Transcribe exactly the line that contains "时事评论员黄伟国表示，失去国" and every line after it through the end of the records, with nothing else.
Information supplied START
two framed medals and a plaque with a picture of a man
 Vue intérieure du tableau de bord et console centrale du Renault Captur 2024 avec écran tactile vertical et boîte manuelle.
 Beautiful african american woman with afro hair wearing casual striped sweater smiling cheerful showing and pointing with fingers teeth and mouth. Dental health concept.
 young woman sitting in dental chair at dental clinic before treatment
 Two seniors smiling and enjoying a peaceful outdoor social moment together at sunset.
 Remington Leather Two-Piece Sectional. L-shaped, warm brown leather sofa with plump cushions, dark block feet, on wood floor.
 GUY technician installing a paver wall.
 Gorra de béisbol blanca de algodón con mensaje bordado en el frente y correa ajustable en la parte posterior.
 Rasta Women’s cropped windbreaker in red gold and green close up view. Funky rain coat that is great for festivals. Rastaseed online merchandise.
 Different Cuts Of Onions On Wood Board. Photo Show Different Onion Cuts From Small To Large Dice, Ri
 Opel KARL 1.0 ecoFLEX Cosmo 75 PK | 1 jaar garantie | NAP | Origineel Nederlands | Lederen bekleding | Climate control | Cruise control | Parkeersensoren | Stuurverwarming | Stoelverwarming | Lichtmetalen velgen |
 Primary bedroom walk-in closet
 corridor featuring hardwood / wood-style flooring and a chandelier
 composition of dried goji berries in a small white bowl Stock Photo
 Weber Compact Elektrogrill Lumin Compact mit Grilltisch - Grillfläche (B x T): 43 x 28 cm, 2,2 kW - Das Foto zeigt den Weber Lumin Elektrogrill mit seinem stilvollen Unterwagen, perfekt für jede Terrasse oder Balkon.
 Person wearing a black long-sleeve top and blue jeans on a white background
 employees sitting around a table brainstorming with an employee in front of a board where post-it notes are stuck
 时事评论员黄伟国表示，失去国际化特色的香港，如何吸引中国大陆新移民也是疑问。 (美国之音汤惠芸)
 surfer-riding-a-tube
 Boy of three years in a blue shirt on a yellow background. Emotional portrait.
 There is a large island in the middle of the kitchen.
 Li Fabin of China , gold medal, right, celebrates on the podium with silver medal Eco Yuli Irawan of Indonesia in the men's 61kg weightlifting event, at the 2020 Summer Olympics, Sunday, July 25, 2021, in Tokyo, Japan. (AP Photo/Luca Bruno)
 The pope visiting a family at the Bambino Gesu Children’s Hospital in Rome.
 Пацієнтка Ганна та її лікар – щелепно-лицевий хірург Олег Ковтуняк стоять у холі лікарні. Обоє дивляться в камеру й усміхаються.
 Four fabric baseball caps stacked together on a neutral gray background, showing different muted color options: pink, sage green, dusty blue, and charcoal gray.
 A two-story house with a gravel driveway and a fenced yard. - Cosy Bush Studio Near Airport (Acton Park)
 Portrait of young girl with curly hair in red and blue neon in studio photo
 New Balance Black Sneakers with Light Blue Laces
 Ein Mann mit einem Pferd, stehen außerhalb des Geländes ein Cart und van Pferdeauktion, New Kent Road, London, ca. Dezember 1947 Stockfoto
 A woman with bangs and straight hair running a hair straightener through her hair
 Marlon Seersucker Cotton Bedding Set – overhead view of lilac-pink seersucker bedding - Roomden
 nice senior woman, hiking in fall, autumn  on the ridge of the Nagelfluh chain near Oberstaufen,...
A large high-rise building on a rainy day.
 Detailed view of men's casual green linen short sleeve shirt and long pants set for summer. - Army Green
Information supplied END
→ Reply to the exercise
 时事评论员黄伟国表示，失去国际化特色的香港，如何吸引中国大陆新移民也是疑问。 (美国之音汤惠芸)
 surfer-riding-a-tube
 Boy of three years in a blue shirt on a yellow background. Emotional portrait.
 There is a large island in the middle of the kitchen.
 Li Fabin of China , gold medal, right, celebrates on the podium with silver medal Eco Yuli Irawan of Indonesia in the men's 61kg weightlifting event, at the 2020 Summer Olympics, Sunday, July 25, 2021, in Tokyo, Japan. (AP Photo/Luca Bruno)
 The pope visiting a family at the Bambino Gesu Children’s Hospital in Rome.
 Пацієнтка Ганна та її лікар – щелепно-лицевий хірург Олег Ковтуняк стоять у холі лікарні. Обоє дивляться в камеру й усміхаються.
 Four fabric baseball caps stacked together on a neutral gray background, showing different muted color options: pink, sage green, dusty blue, and charcoal gray.
 A two-story house with a gravel driveway and a fenced yard. - Cosy Bush Studio Near Airport (Acton Park)
 Portrait of young girl with curly hair in red and blue neon in studio photo
 New Balance Black Sneakers with Light Blue Laces
 Ein Mann mit einem Pferd, stehen außerhalb des Geländes ein Cart und van Pferdeauktion, New Kent Road, London, ca. Dezember 1947 Stockfoto
 A woman with bangs and straight hair running a hair straightener through her hair
 Marlon Seersucker Cotton Bedding Set – overhead view of lilac-pink seersucker bedding - Roomden
 nice senior woman, hiking in fall, autumn  on the ridge of the Nagelfluh chain near Oberstaufen,...
A large high-rise building on a rainy day.
 Detailed view of men's casual green linen short sleeve shirt and long pants set for summer. - Army Green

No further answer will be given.